## Required work
Quote the lines below from the one containing "Opulence Redefined An" to the final line, both ends included; exclude the pictures.

Dataset section: Begin

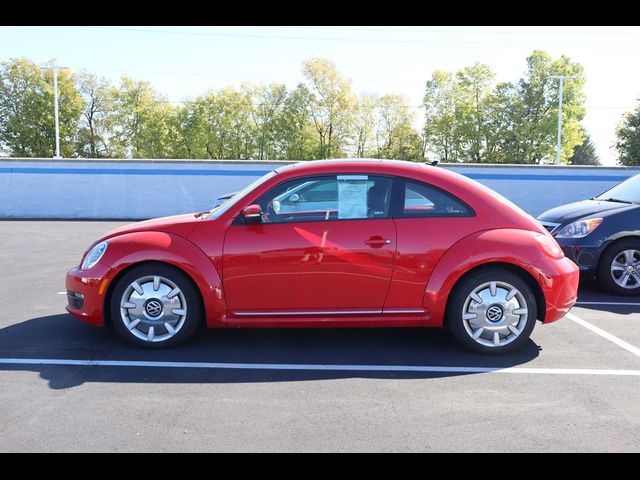 2012 Volkswagen Beetle 2.5L Navigation PZEV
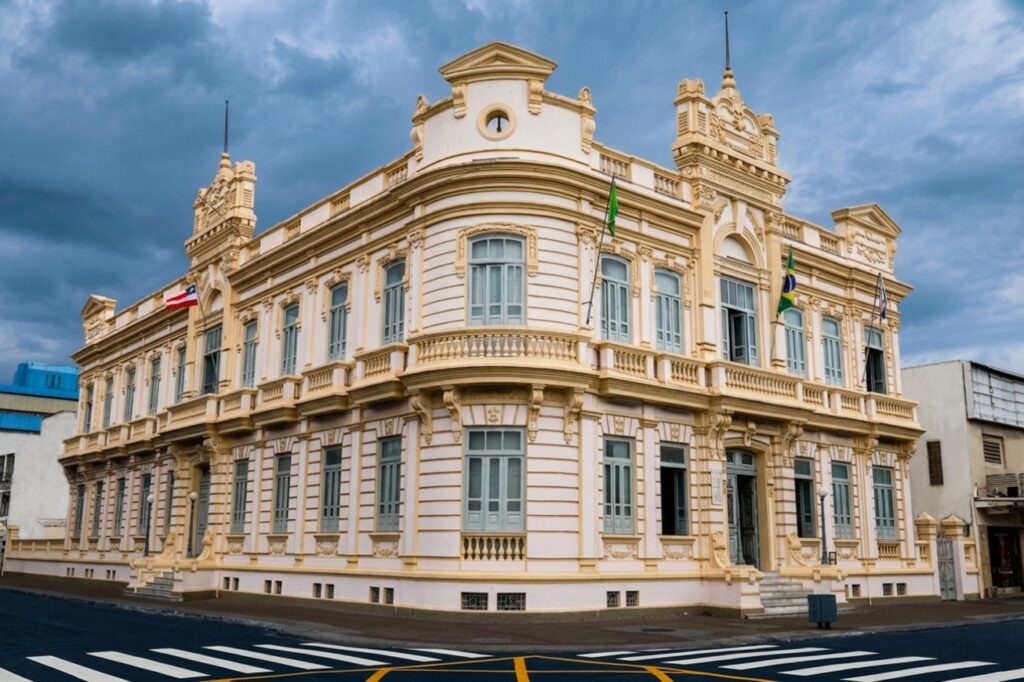 Símbolo da história política de Feira, Paço Municipal Maria Quitéria completa 100 anos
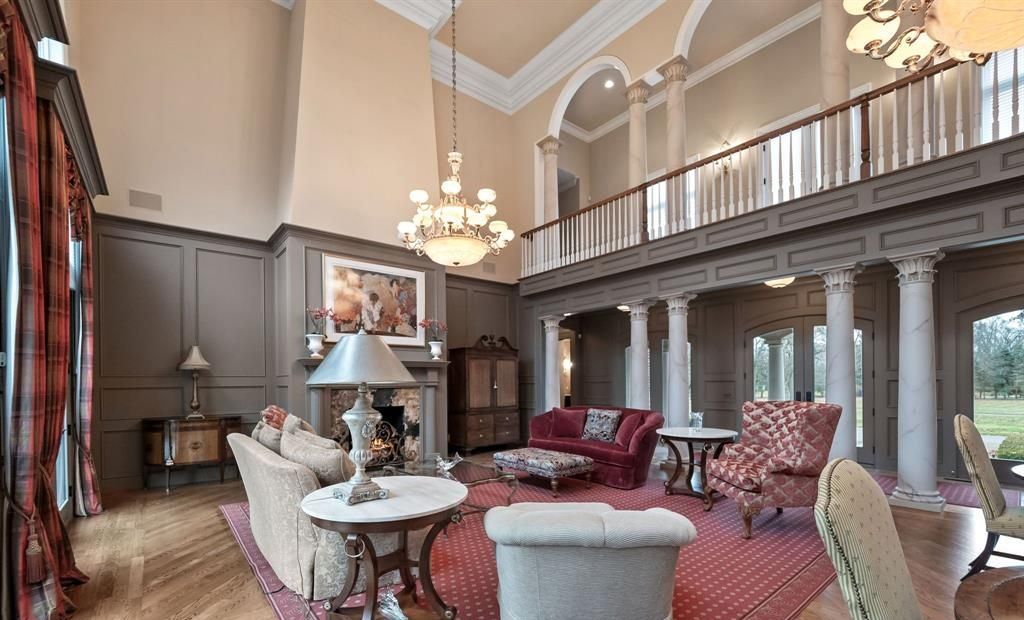 Opulence Redefined An Extraordinary 4.5 Million Dream Property in Michigan 9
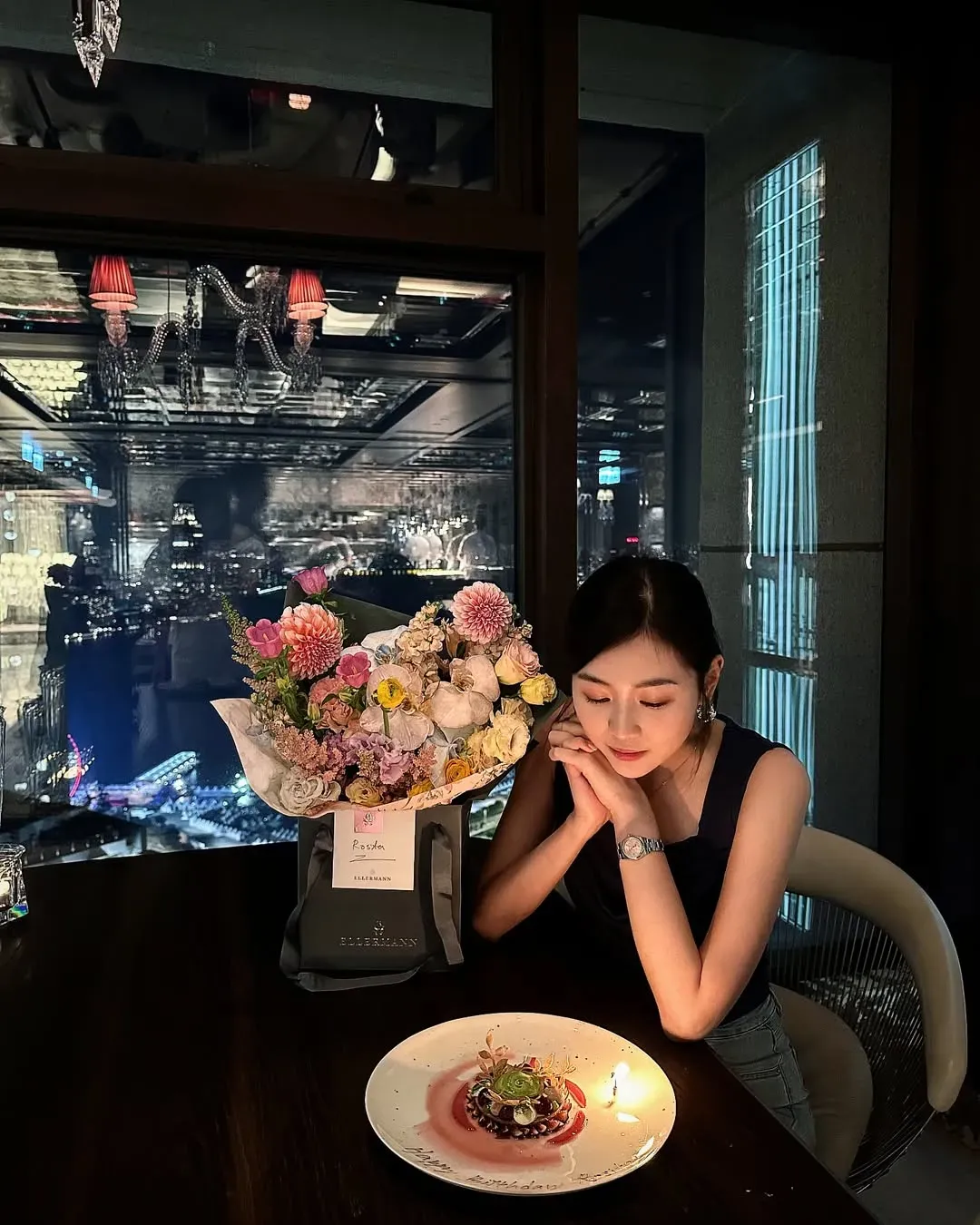 望著枱上甜品,Rosita臉上掛著幸福笑容。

Dataset section: End

## Worked solution
 Opulence Redefined An Extraordinary 4.5 Million Dream Property in Michigan 9
 望著枱上甜品,Rosita臉上掛著幸福笑容。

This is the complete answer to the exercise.